Of why she bought the 3,150 square foot 3-bedroom property, Nancy Townsend Klemme – whose own mother was murdered also – told the New York Post in September: “We bought the house due to the beauty of it and the uniqueness. We were 100% aware of what happened there but it didn’t bother us… I like unique houses.” She is selling up to move to a former monastery she has purchased.
Dr Klindt was released from prison for good behaviour in 2004 and opened a taco stand named Eats and Sweets in 2006 after working for eight out of the twenty years he spent in prison as a cook. He was arrested repeatedly after his release – for drug possession, traffic offences and interfering with officers amongst other things – but later turned to charity work.
Of attempting to do good deeds, the “strong as a bull” doctor – who died in November 2010 after suffering a “bad fall” – remarked: “I figured if you can make something good out of something that wasn’t so good, that’s good. I told them they should use my notoriety to get a few bucks for the kids.”
Turning to whether he felt any remorse for killing his wife – who’d planned to divorce him – Dr Klindt added: “I apologised for the act, I apologised for the lies.” A letter he sent to Joyce Klindt’s family, Criminal revealed, was never answered and supposedly his son “doesn’t like it much when reporters write stories about his dad’s crime.”
A Coffee and Concrete Bather, Horror in Honolulu – 357 Lelekepue Place, Hawaii Loa Ridge, Diamond Head, East Honolulu, Hawaii, HI 96821, United States of America
Recently sold for £2.296 million ($2.575 million, €2.630 million or درهم9.457 million) by Heidi Bertucci of Corcoran Pacific Properties.
Just sold for a sum 13.7% higher than the £1.957 million it was knocked down to Gary Ruby for in November 2020, this 2,327 square foot gated community 3-bedroom, 3-bathroom residence was marketed as an “entertainer’s dream” by selling agents Corcoran Pacific Properties.

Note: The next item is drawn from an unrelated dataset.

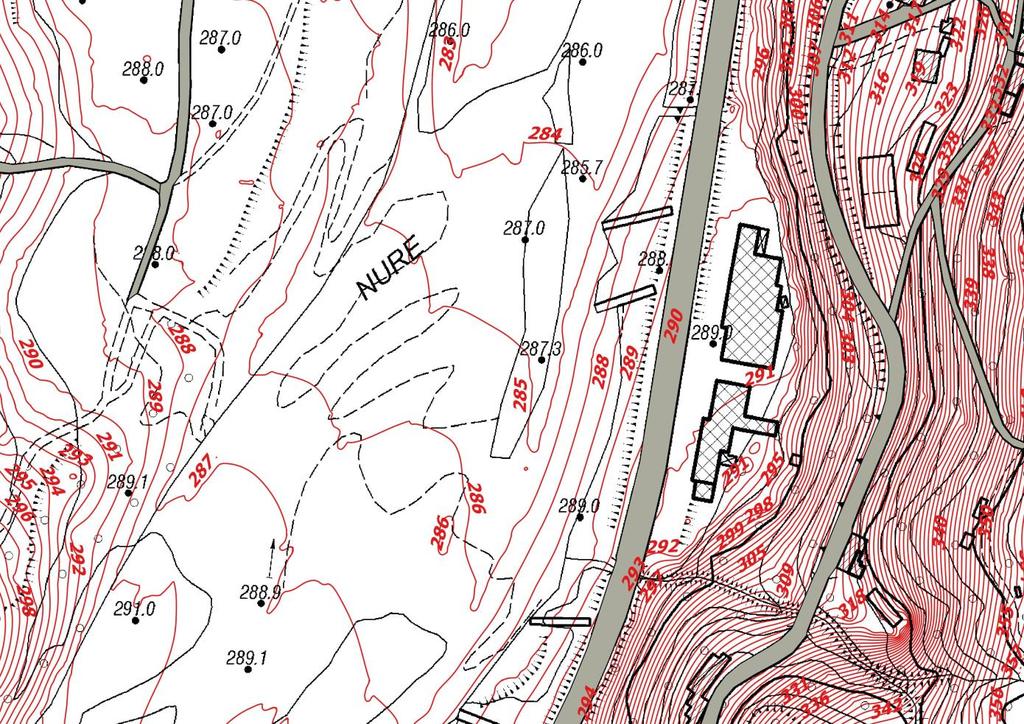 MODELLAZIONE IN AMBIENTE GIS: CONFRONTO DTM OTTENUTO DAL RILIEVO CON DATI CARTOGRAFICI REGIONALI (DBT RER) - Precisione DTM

Sadly for 73-year-old Mr Ruby, the ‘entertainment’ didn’t last long at this seaside address as he was strangled to death there by his 23-year-old male lover Juan Tejedor Baron on 8th February 2022 after he had revealed to him that he had HIV.
Baron subsequently entombed Ruby’s body in concrete – to which he somewhat ludicrously added coffee beans believing they would help “better mask the smell of the decomposing body” – before stealing his victim’s Audi A6. He then fled with his other lover, 34-year-old Scott Hannon, to California.
Subsequently arrested and charged in March, Juan Tejedor Baron’s trial has now been delayed until January 2023. Whether the new owners of this murder house will serve their guests coffee remains unknown, but the Beat of Hawaii website confirmed in August that listing agent Heidi Bertucci “said the property received a true Hawaiian blessing before being listed for sale.” She graciously also added that the “bathtub has, of course, since been replaced.”
Love it. Thanks, Matthew. Appeals to my baser instincts for low level tabloid gossip.
Thank you, Margaret. I do enjoy researching the more bizarre cases and some of these are truly exactly that.
A somewhat stomach-churning read, Matthew.